Custom Object Serialization
A new mechanism for custom object serialization has been
implemented. Before we can discuss __serialize()
and
__unserialize()
, though, we should recap the existing
mechanisms it aims to replace.
When an object is serialized, either explicitly using the
serialize()
function or implicitly through session
management, then all its properties are serialized:
class C
{
private string $x = 'a';
private int $y = 1;
}
print serialize(new C);
Executing the code shown above will print the output shown below:
O:1:"C":2:{s:4:"Cx";s:1:"a";s:4:"Cy";i:1;}
With a trained eye it is easy to spot that the string shown above
encodes information about an object of the C
class
("C"
) and its properties $x
("Cx"
) and $y
("Cy"
).
$x
contains a string of length 1 with value
"a"
(s:1:"a"
) and $y
contains
an integer with value 1
(i:1
).
The default behaviour explained above is usually sufficient. However, sometime you need to customize how an object is serialized. Resources such as database connections or file handles cannot be serialized, for instance, so you may want to exclude properties that contain a resource from the serialization of an object.
The oldest mechanism for customizing the serialization of objects
is that of __sleep()
and __wakeup()
. When
an object has a __sleep()
method then it will
automatically be called when the object is serialized.
__sleep()
returns an array with the names of the
properties that should be considered for serialization:
class C
{
private string $x = 'a';
private int $y = 1;
public function __sleep(): array
{
return ['x', 'y'];
}
public function __wakeup(): void
{
// ...
}
}
print serialize(new C);
Executing the code shown above will print the output shown below:
O:1:"C":2:{s:4:"Cx";s:1:"a";s:4:"Cy";i:1;}
It should come as no surprise that this output is exactly the
same we got before as __sleep()
returns the names of
both properties. To make it clear how __sleep()
works,
let us change our example so that only $x
is considered
for serialization:
class C
{
private string $x = 'a';
private int $y = 1;
public function __sleep(): array
{
return ['x'];
}
public function __wakeup(): void
{
// ...
}
}
print serialize(new C);
Executing the code shown above will print the output shown below:
O:1:"C":1:{s:4:"Cx";s:1:"a";}
It should go without saying that when you customize object serialization you need to make sure that you always end up with a valid object during unserialization.
__sleep()
can only be used to exclude properties
from serialization and is not convenient to work with when the
serialized representation should be significantly different from
object’s in-memory representation. This is a shortcoming that the
Serializable
interface, which was introduced in PHP
5.1, was supposed to solve:
interface Serializable
{
public function serialize(): string;
public function unserialize(string $serialized): void;
}
Classes that implement the Serializable
interface no
longer support __sleep()
and __wakeup()
,
meaning these methods will no longer be automatically called during
serialization and unserialization.
When an object that implements the Serializable
interface is to be serialized, the object’s serialize()

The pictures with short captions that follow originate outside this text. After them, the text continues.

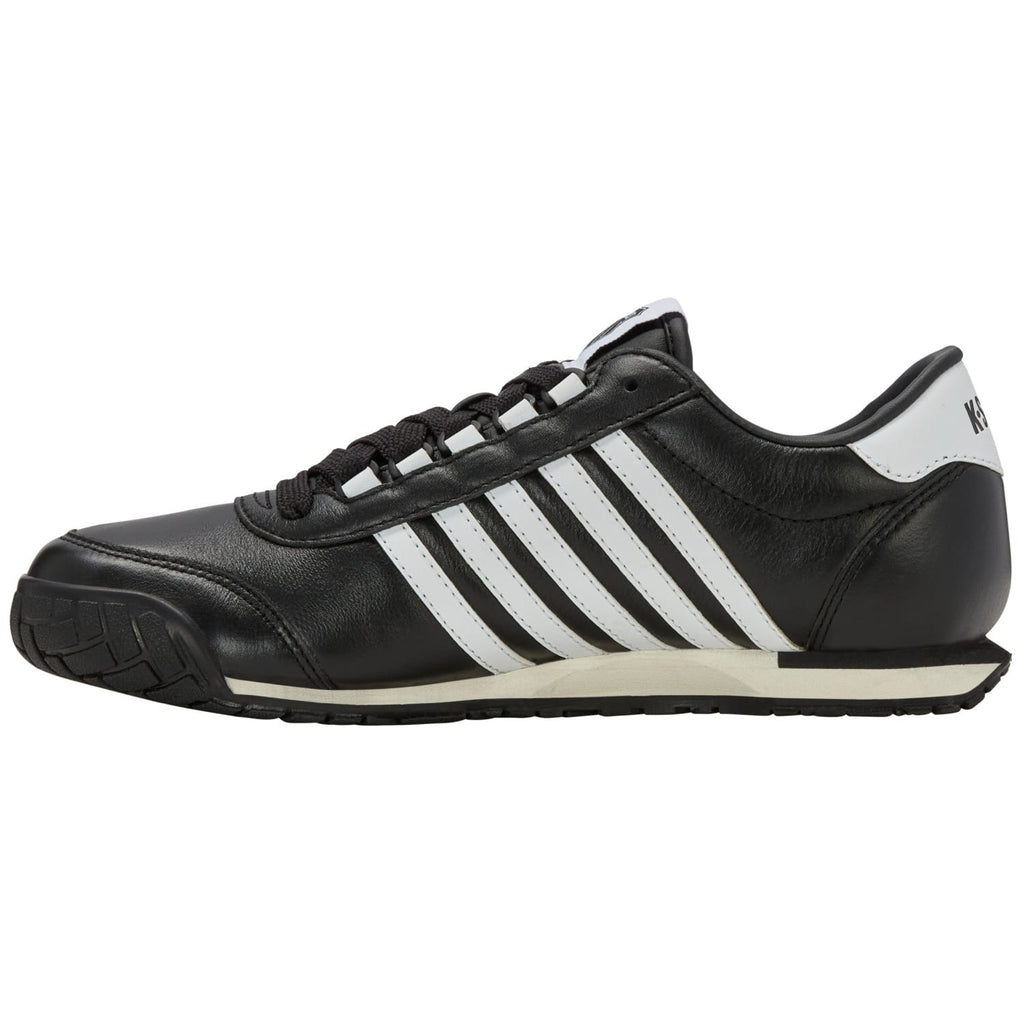 ZAPATILLAS VINTAGE TRAINER LTH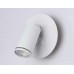 Светодиодный спот Ambrella light Wallers FW2462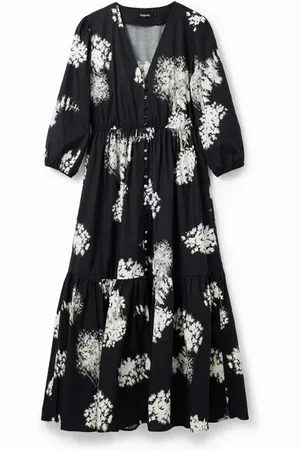 Desigual Jurk dames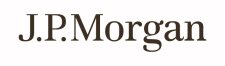 JPM_Logo_2025_PRINT_D_CMYK.jpg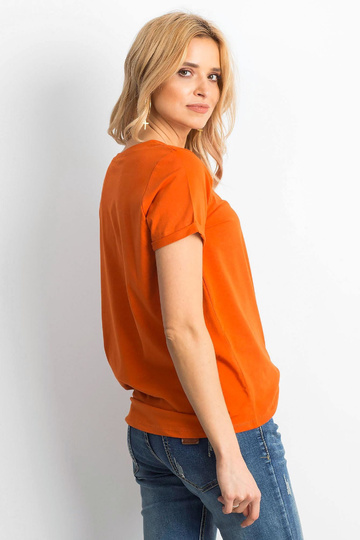 Tumši oranžs Transformatīvs... 2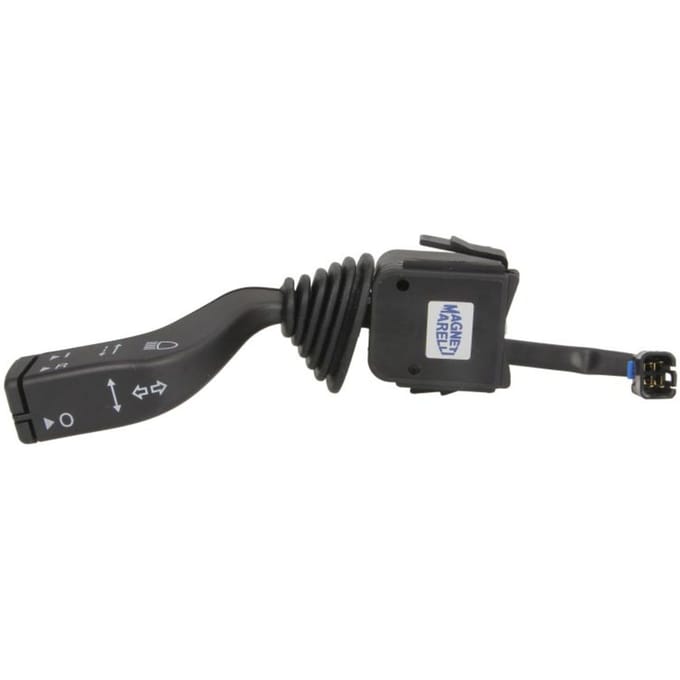 Schakelaar stuurkolom MAGNETI MARELLI 000050191010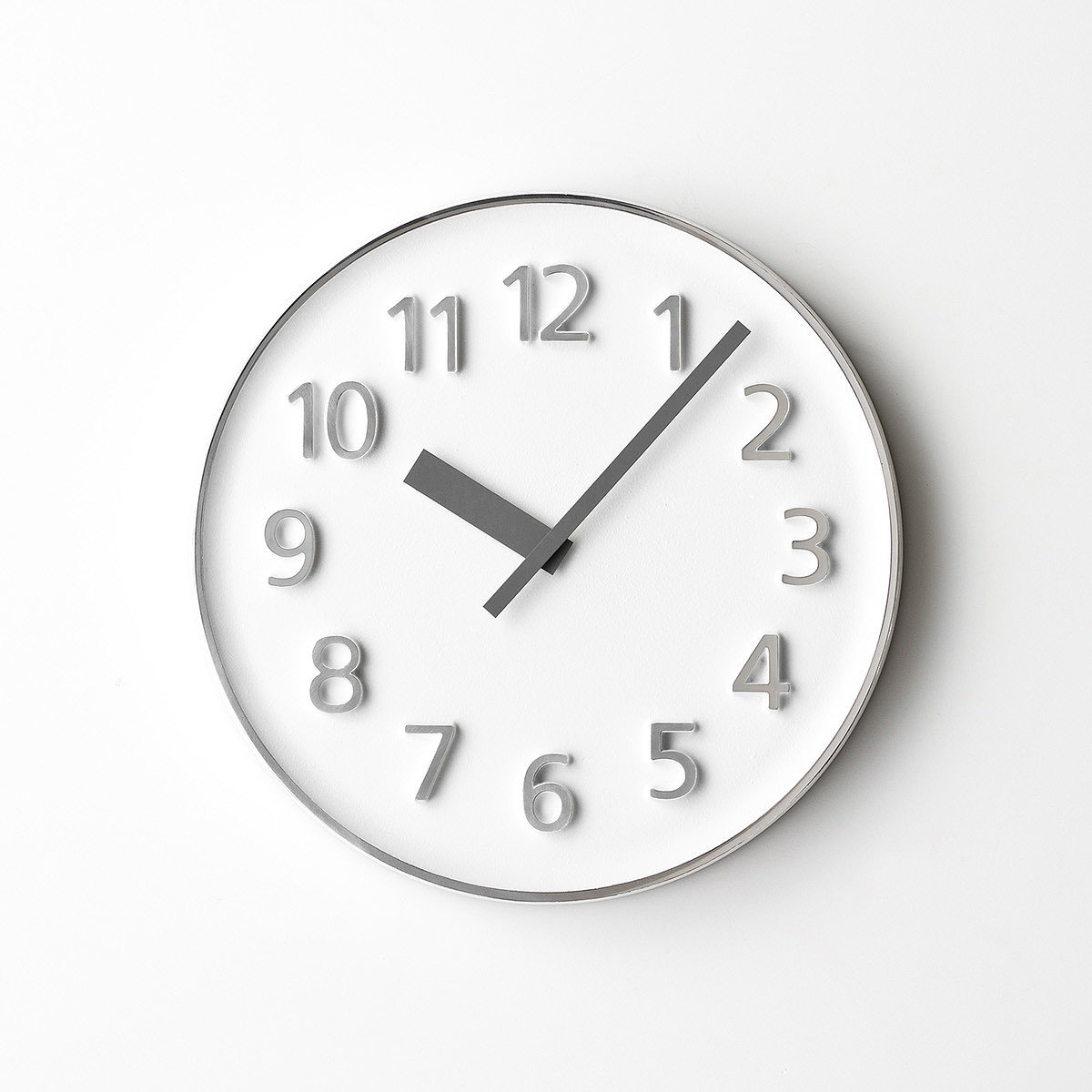 clocks and watches，Japan，Metal，Simplicity，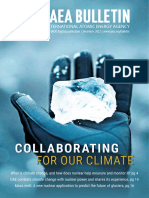 Collaborating For Climate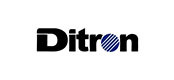 logo_ditron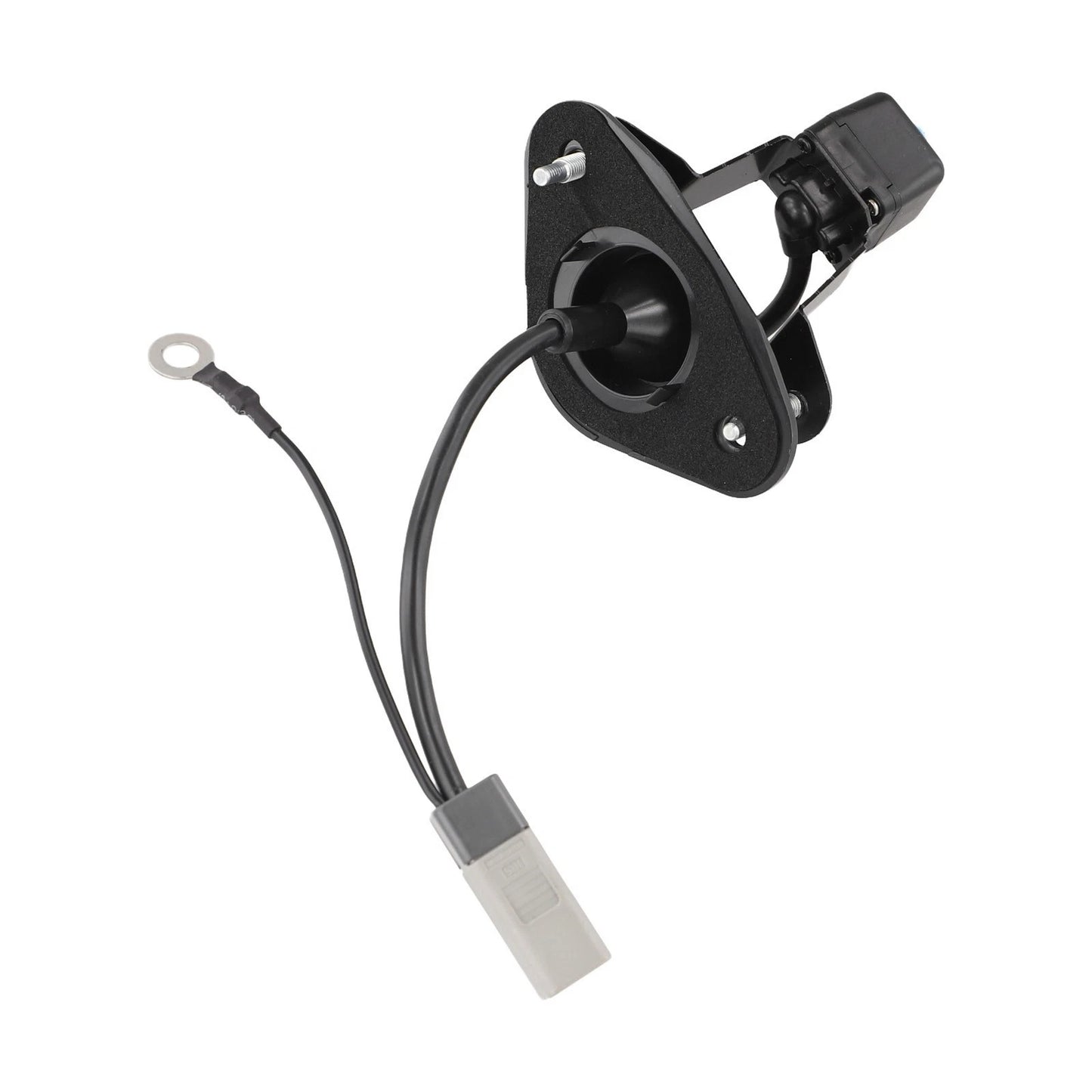 Rear View Reversing Camera 2009-2014 Subaru Legacy Outback 86267-AJ100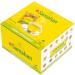 Samahan | 4G | Natural Herbal Tea | Herbal Tea | 4G*60 Sachet | Srilankan Origin | Box Contains 60 Sachet - Buy Online on GoSupps.com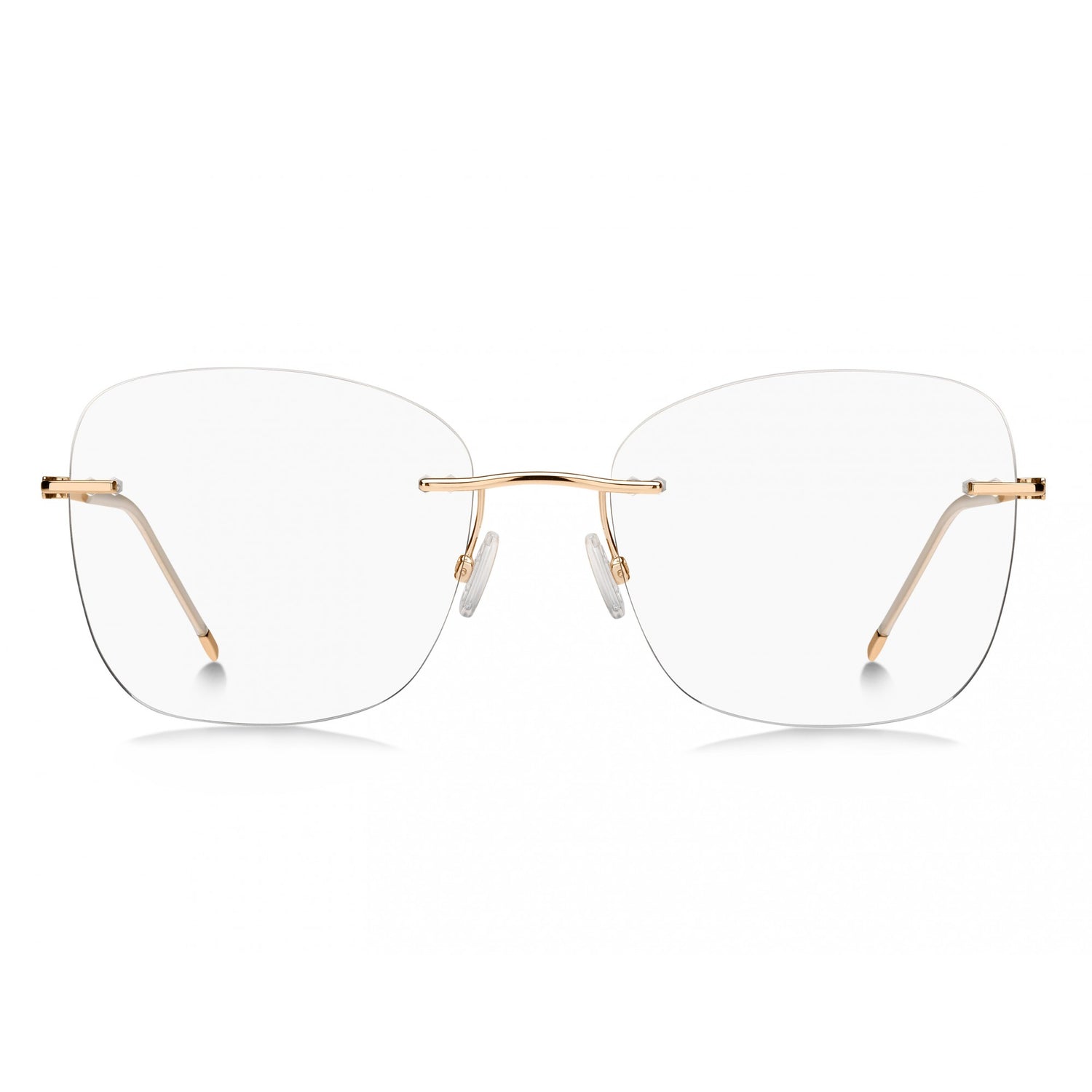 Hugo Boss BOSS 1667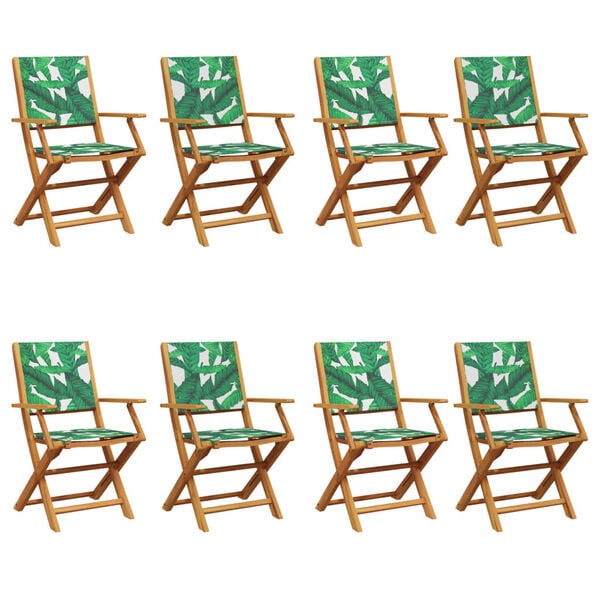 Produktbild 1 von 10 anzeigen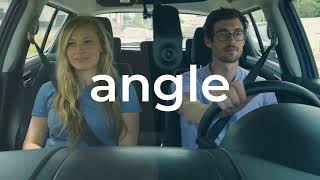 DRIDE: Kickstarter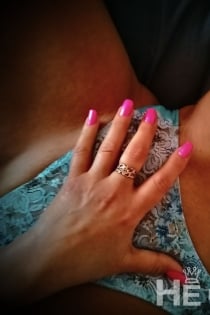 Finasandra, Age 57, Escort in Stockholm / Sweden - 23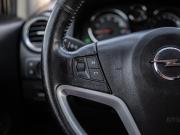 Opel Antara I Рестайлинг Сочи  - изображение 39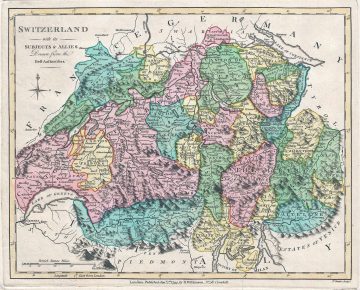 Switzerland-wilkinson-1792.jpg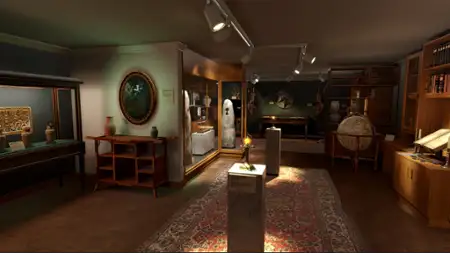 Ghost Town - galeria zdjęć - filmweb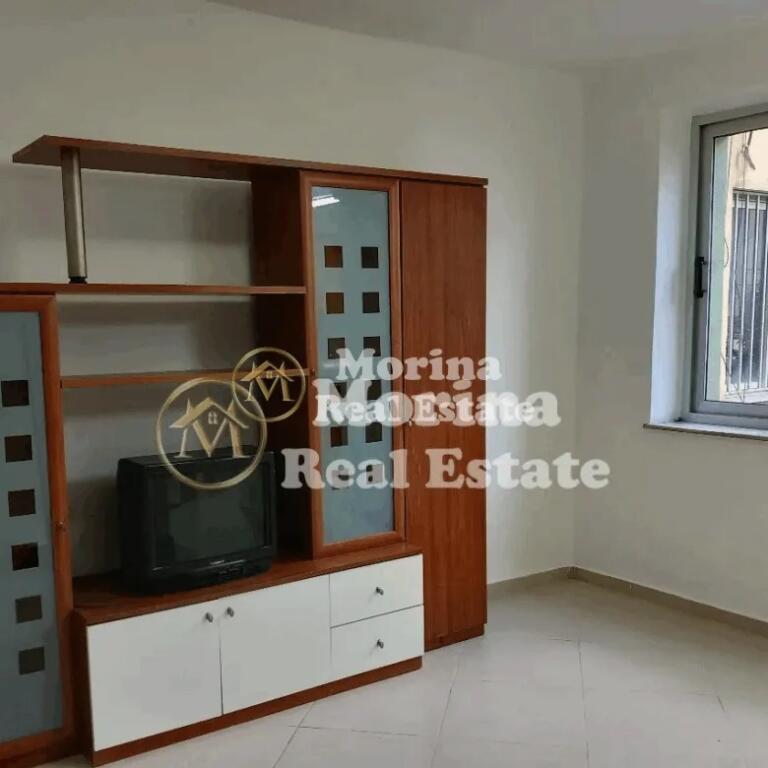 Affitto, Appartamento, 3+1, Pazari I Ri, 600 euro/mese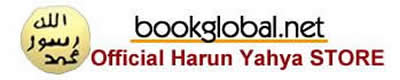 http://www.bookglobal.net/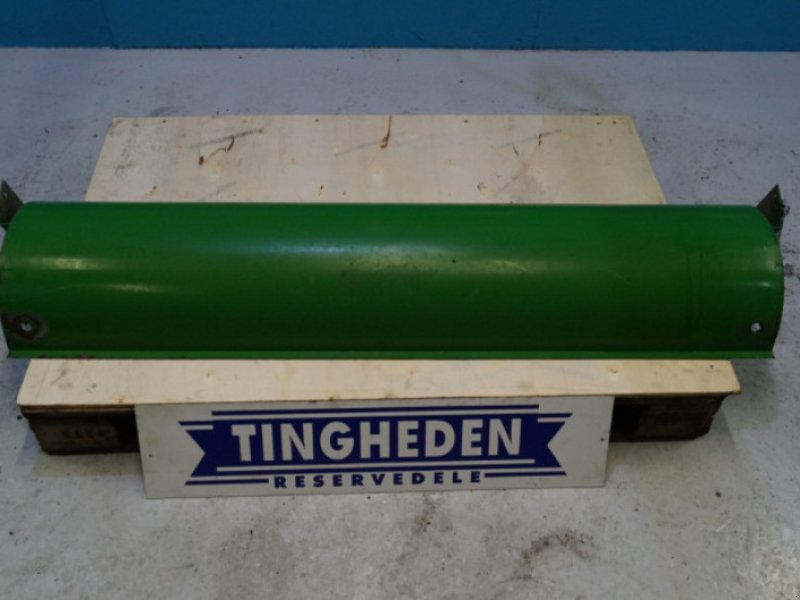 Sonstiges Mähdrescherzubehör of the type John Deere 9780, Gebrauchtmaschine in Hemmet (Picture 1)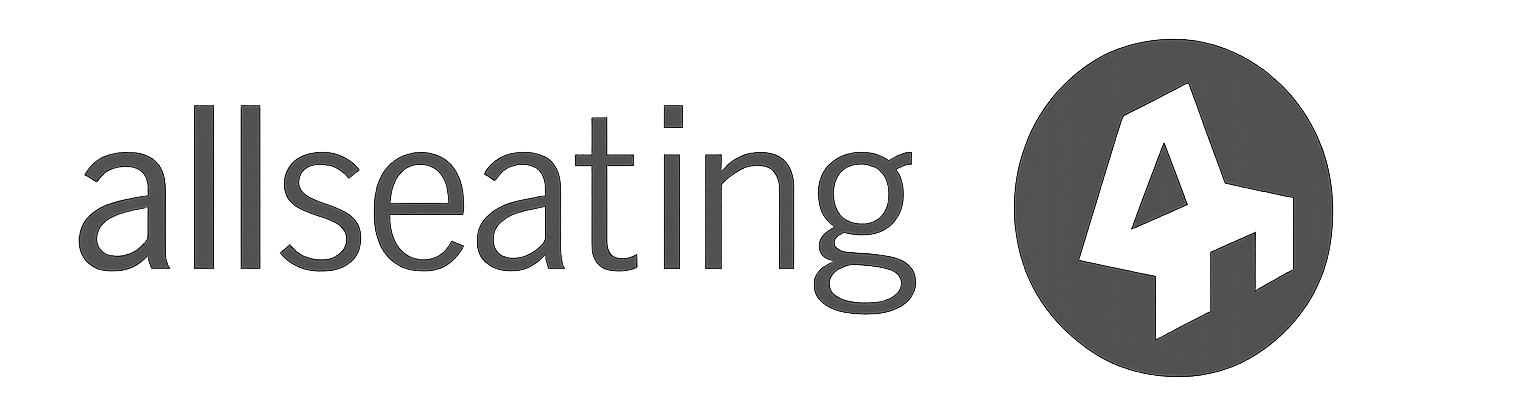 AllSeating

method will be called automatically. serialize()
must
then return a string, and unserialize()
must be able to
reconstruct the object’s state from such a string:
class C implements Serializable
{
private string $x = 'a';
private int $y = 1;
public function serialize(): string
{
return serialize([$this->x, $this->y]);
}
public function unserialize($serialized): void
{
[$this->x, $this->y] = unserialize($serialized);
}
}
print serialize(new C);
Executing the code shown above will print the output shown below:
C:1:"C":26:{a:2:{i:0;s:1:"a";i:1;i:1;}}
Custom object serialization using the Serializable
interface is, unfortunately, fundamentally and generally broken, for
instance when both a child class and its parent class implement the
same interface. The implementation of serialize()
cannot just delegate to the parent’s implementation because that
will just return a string representation of the parent’s state. This
way multiple references to the same object in the object graph
cannot be properly detected. It is outside the scope of this book to
cover all the intricacies of the design shortcomings and
implementation flaws of Serializable
. These are
explained in detail in the RFC
that lead to __serialize()
and
__unserialize()
which comprise the new mechanism for
custom object serialization that we are now ready to discuss.
__serialize()
is automatically called when an object
is serialized and must return an array representation of the
object’s state that should be serialized. Analogously,
__unserialize()
is automatically called when an object
is to be unserialized. The array representation returned by
__serialize()
is passed as an argument to
__unserialize()
:
class C
{
private string $x = 'a';
private int $y = 1;
public function __serialize(): array
{
return ['x' => $this->x, 'y' => $this->y];
}
public function __unserialize(array $data): void
{
$this->x = $data['x'];
$this->y = $data['y'];
}
}
print serialize(new C);
Executing the code shown above will print the output shown below:
O:1:"C":2:{s:1:"x";s:1:"a";s:1:"y";i:1;}
This overcomes the limitations of __sleep()
and
__wakeup()
without suffering from the same problems as
Serializable
. Let us hope that the old mechanisms for
custom object serialization will be deprecated and subsequently
removed at some point in the future. Having three mechanisms for
solving the same problem, one that is the best practice and two
legacy ones, is confusing for PHP developers and makes PHP itself
harder to maintain than it has to be.